When he returned to the jeep, he was pale and the back of his shirt was soaked. He started the jeep and drove slowly past them: two men, lying facedown, or rather a man and a boy, both with their hands tied behind them, both barefoot, and on the boy there was a large blotch of dark blood, almost black, where the vulture had been. Leonel didn’t tell me to look away. He didn’t say anything. When we reached the swarm of light, the fish had swum away, leaving blue-black road that no longer resembled water.
“They haven’t been dead long. We have to get out of here.”
“But what are we going to do? We can’t just leave them.”
There was a look on his face I hadn’t seen before, and the gun was now in his lap.
“We have to leave them. I cannot lift them up, or at least, not by myself,” he said, giving me a meaningful look. “Corpses are heavy, Papu. They don’t help you when you lift them up.”
Another swarm of light appeared, and there was a ticking sound against the undercarriage. Leonel turned the radio to white noise, then to an incomprehensible voice.
“There’s a priest I know who works not far from here. We’re going to find him. And as I said, they haven’t been dead long, so whoever killed them cannot be far away, and I hope to God we don’t encounter these killers, but if we do, listen to me, if we do, are you listening? Don’t say anything, let me talk. And if we’re fired upon, if a lot of lead starts flying around, I want you to get down and stay down and don’t make any noise. Can you do that?”

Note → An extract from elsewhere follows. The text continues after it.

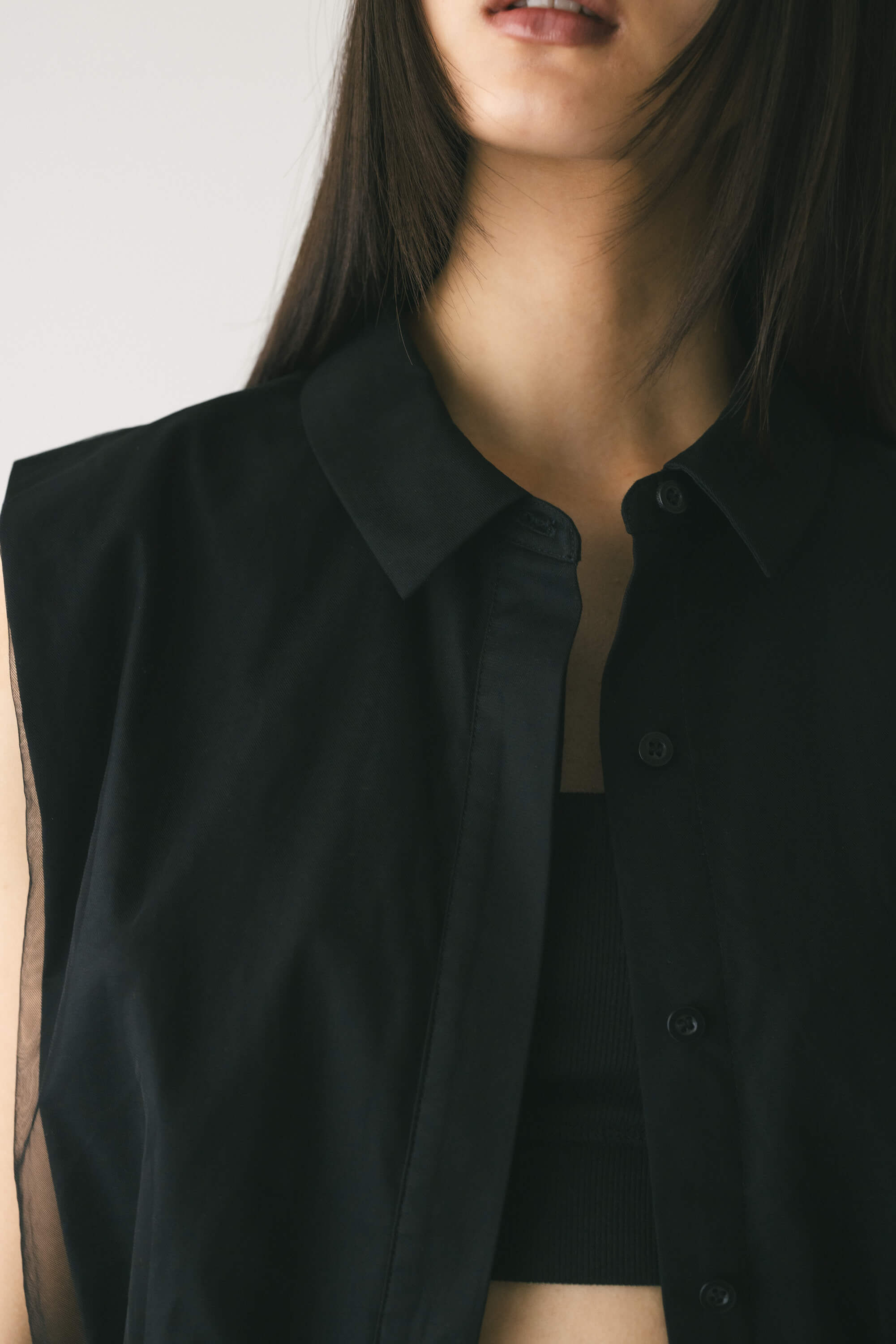 STYLEMIXER「チュールレイヤードシャツ」|タンクトップ|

I nodded, yes, but I had no experience to base this yes upon, and so the yes didn’t mean anything.
We found the priest friend in a village not far away, just as he’d said we would. At our news, the priest covered his face with his hands, then sent the boy beside him on an errand, and shortly after that, women arrived, one sinking to the ground, rocking back and forth, the other hovering over her. I couldn’t sit in the jeep anymore and do nothing, and why? Had it just become a habit of his to leave me behind? But when I reached his side, he didn’t seem surprised. He patted my shoulder and introduced me as a poet from the United States.